A Comprehensive Comparison Between PPFs And Mutual Funds
Table of Contents
PPF or Public Provident Fund is a scheme specially made for individuals to help them save a part of their income annually, in order to build post-retirement savings or retirement corpus. The amount deposited into the PPF scheme makes an individual eligible to receive interest on the principal amount with tax-saving benefits. PPF was introduced to encourage those individuals who don’t fall under the Employee Provident Fund Organization (EPFO) to save and build a retirement corpus. A tax benefit of up to Rs. 1.5 lakh under Section 80C of the Income Tax Act can be availed through the PPF scheme.
Mutual funds are one of the forms of investment instrument when an asset management company or fund house pools out investment from individual investors and institutional investors. The fund manager buys securities like bonds and stocks from the market that is in line with the investment mandate. Mutual funds are excellent options to diversify investment portfolios.
What Are The Benefits Of A PPF Account?
Following are the benefits an individual can avail from a PPF account–
- The interest on PPF balance is compounded on a yearly basis
- PPF account offers a tax deduction of up to Rs. 1.5 lakh
- PPF lock-in period is 15 years, which makes it a good option to save a good amount of money for a longer period of time
- Loans can be availed from the PPF account
- The minimum amount to deposit in a PPF account is Rs. 500 only
- PPF tenure can be extended in the block of 5 years
- Partial withdrawal is allowed after the completion of the 6th financial year
- Who can open a PPF account?
- Listed below are the people who are eligible to open a PPF account–
- Only Indian citizens are eligible to open a PPF account
- An Indian citizen settled abroad can continue operating his/her PPF account
- Parents/guardians on behalf of their minor children can open a PPF account
What Are The Benefits Of A Mutual Fund?
Given below are a number of reasons a person should or try investing in a mutual fund-
- The mutual fund investments are managed by experts.
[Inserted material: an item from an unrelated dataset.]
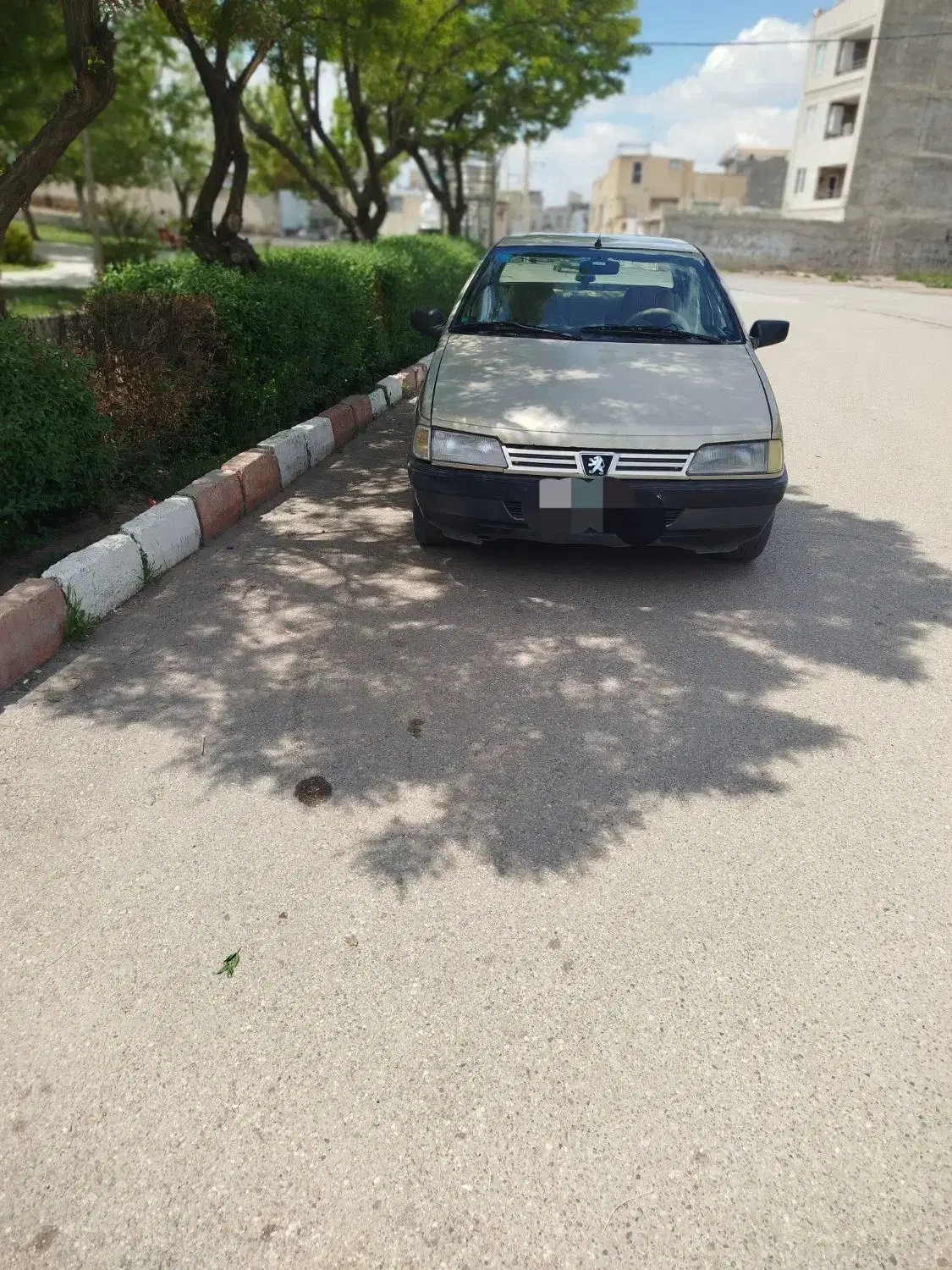 پژو405|خودرو سواری و وانت|الوند, |دیوار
All the investments are managed by fund managers which are pooled by the asset management companies and fund houses
- There is no lock-in period. There are mutual funds that are open-funded and often come with varying exit loads on the exemption
- Mutual funds come at a low cost, which makes them a convenient and suitable option for small investors
- Investment can be made via SIP (Systematic Investment Planning). SIP frequency can be monthly, quarterly and bi-annually
- Mutual funds offer fund plans that make it easy for investors to meet their short and long term goals
- Switching funds is easy. An investor can move his/her investment to a different fund of the same fund house
- The investment made into mutual funds are invested into different assets and shares of several companies
- Mutual funds offer dual benefits, which are SIP and no lock-in period, these benefits together makes it a lucrative investment tool
- Mutual funds offer liquidity
- Mutual funds houses and mutual fund plan works under the purview of the Securities and Exchange Board of India (SEBI) and Reserve Bank of India (RBI)
- Buying and selling of the fund units are made at the prevailing net asset value of the mutual fund plan
- An investor can track his/her mutual fund investment
Conclusion
PPF vs Mutual funds both are quite debatable due to their disadvantages, advantages, features, tax benefits, maturity period, etc. Before choosing one out of the two, it is important to understand what they offer to the investor along with the time period to keep the amount invested till maturity. Apart from that, it is also crucial to figure out if there is a partial withdrawal facility available with the investment scheme or not. Once considering all the factors, it is wise to understand the personal requirements, financial goals and more before choosing the one. Help from experts can make the decision a little easier.